Madreñes



Juan Carlos Mestre, poeta de Villafranca del Bierzo, hijo de panadero que, no sé si con buen criterio, cambió el pan por la poesía ("para amasar había que madrugar mucho"), escribió una vez que ninguna noche se avergüenza de la oscuridad. 

Sin embargo, yo, por la parte de humedad que me toca, estoy más que aburrido de la oscuridad de este invierno de soles escuálidos y chubascos dispersos que parece diseñado para regocijo de los meteorologos. Llueve tanto que hasta las flores andan dubitativas y no saben si asomar o ponerse a cubierto como si estuvieran en medio de un bombardeo y los pájaros y los agricultores miran al cielo con la boina en la mano tratando de interpretar las señales de las nubes, esperando, siempre esperando, como si fuera una obra de teatro a punto de revelar su argumento.

Esta tarde he bajado a tirar la basura y he pisado un charco. No era muy grande pero el agua me ha llegado casi a la entrepierna. Al notar la humedad, por primera vez en muchos tiempo me he acordado de les madreñes que heredé de mi güelu, que calzaba un 46 como yo y que, más de cincuenta años después, todavía andan por algún lugar de mi casa allá en Asturias en perfecto estado de revista, como si en vez de madera de castaño, aliso o nogal estuvieran hechas del mismísimo adamantium de las garras de Lobezno. Mi madre siempre nos repetía que nun se puede correr con les madreñes puestes y que nos íbamos a matar, pero mi hermano y yo damos fe de que no sólo se puede sino que, por poder, se puede hasta subir a los árboles sin quitártelas.

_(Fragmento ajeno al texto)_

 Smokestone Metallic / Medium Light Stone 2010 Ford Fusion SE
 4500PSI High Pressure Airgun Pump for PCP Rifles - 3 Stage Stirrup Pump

A lo que iba. Que ya está bien de invierno por esta vez. Que necesito un sol obsceno que se imponga sin tregua ni armisticio, campos amarillos llenos de espigas, cuervos de pupilas impasibles y melena brillante posados en lo alto de un poste de madera, el reflejo del cielo en un viejo botón de hojalata, las amapolas brotando al pie de las tapias entre bandadas de mosquitos perezosos, las nubes de colores imposibles que aparecen cuando la noche empieza a insinuarse detrás de la sierra de la Culebra, el coche aparcado debajo de los ojos del puente en la piscina de Valencia de Don Juan, los álamos orgullosos como lenguas de fuego, el calor irrevocable de las horas muertas del mediodía, ese aire espeso del atardecer que va limando una a una las asperas venas de la tierra y el mar, el parpadeo del mar infinito contemplado desde el borde de la arena que ahora mismo, en medio de este paisaje de invierno fuera de temporada, es lo más parecido al paraíso que se me ocurre. 

Pues eso. Queda dicho.

PD. Les madreñes (a un asturiano le resulta fisicamente dolorosa la falta de concordancia del artículo con la e final de los sustantivos y por eso nos hacemos cruces cada vez que escuchamos eso de "comí unas fabes") conservan ese nombre en Asturias y León; se convierten en Almadreñas en el Valle del Pas cántabro; en Albarcas/abarcas en Cantabria; Galochas en la Maragatería, Cabreira, Ancares y en parte de Zamora y en zuecos en medio mundo. 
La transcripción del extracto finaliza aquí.